Power plant expansion sparks controversy over Denton home

- A Denton man with cerebral palsy is being moved out by the city to make way for a new power station. The city is giving him another home, but the woman who used to own it said she’s a victim too.

The original owner of the house on Bonnie Brae Street said she was forced to sell it after Denton Municipal Electric put in a new high voltage power line and widened the easement, which included part of the garage.

Linda Roth said she was never given the option to just remove the garage and was only told she’d have to sell or the city would take the home by eminent domain. She sold it for $137,000.

She wasn’t living in the house, but grew up there, raised her children there and earned rental income from it.

"I'm unhappy I didn't get any options," Roth said.

Enter Joe Rivas. He was told as a child he would not live past age 18 and would never go to school. He’s now 48 years old, has a master’s degree, writes children’s books and teaches a college psychology class online.

“I’m a very determined individual,” he said.

He’s also being forced out of his home because of Denton Municipal Electric expansions.  And it just so happens that the house Roth previously owned is the house DME’s relocation specialists found for him.

DME is tasked with helping Rivas relocate by state and federal law. So the home’s garage was removed and modifications were made to accommodate his specific needs because of the cerebral palsy.

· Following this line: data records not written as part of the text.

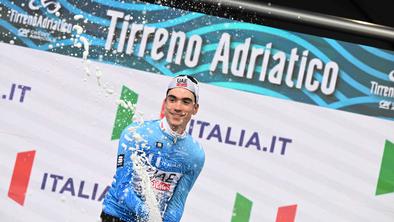 Pogačarjev moštveni kolega presenetil, Vingegaard zaostal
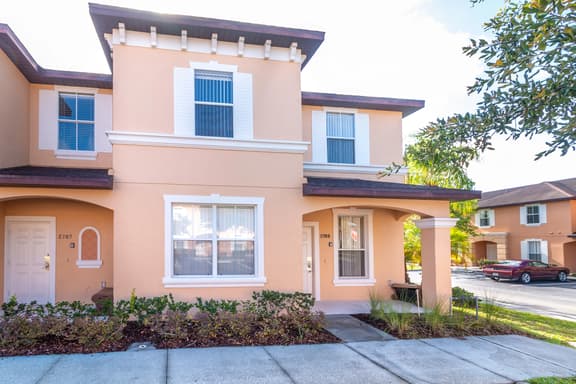 Spacious Regal Oaks Retreat - Steps to the Pool - Image 1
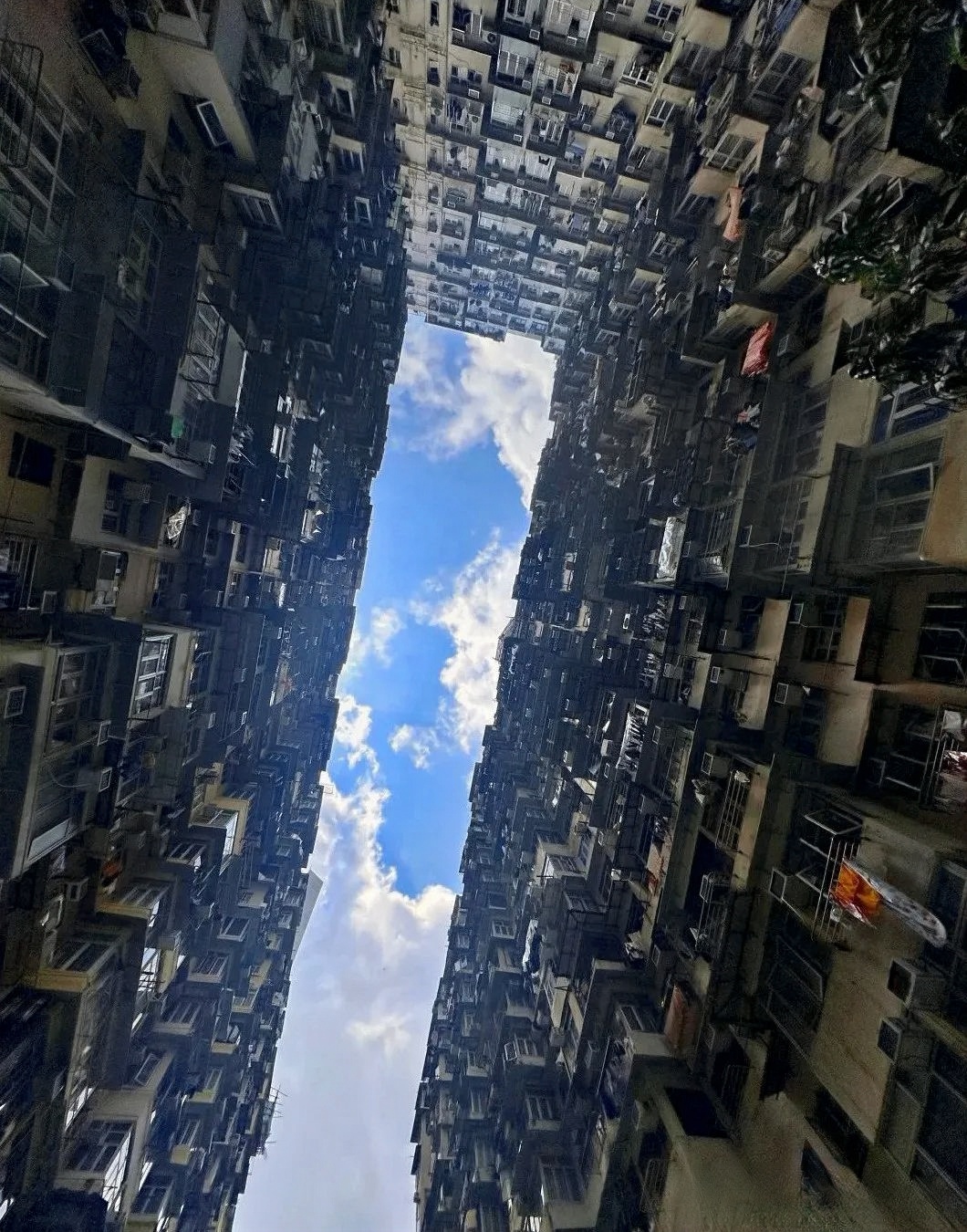 之间几乎没什么空隙,抬头看,天空都被这些高楼切成香港怪兽大厦鸽子楼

Rivas said he’s sympathetic to Roth, but after years of being in apartments, this is a dream come true.

"It's a really good opportunity for me,” Rivas said.

At least one city council member is now unhappy with the way the city has handled the process. Councilwoman Keely Briggs wants the rest of the council to reconsider the decision to give Rivas the home.

The council will vote again on Tuesday, but it is unlikely the decision will change given the $300,000 the city has already spent to buy and remodel the house.

Rivas also has support from the community.

“I want him to know we had about 80 more emails this morning in support of Joe. He has a lot of friends in the community and a lot of support,” Briggs said.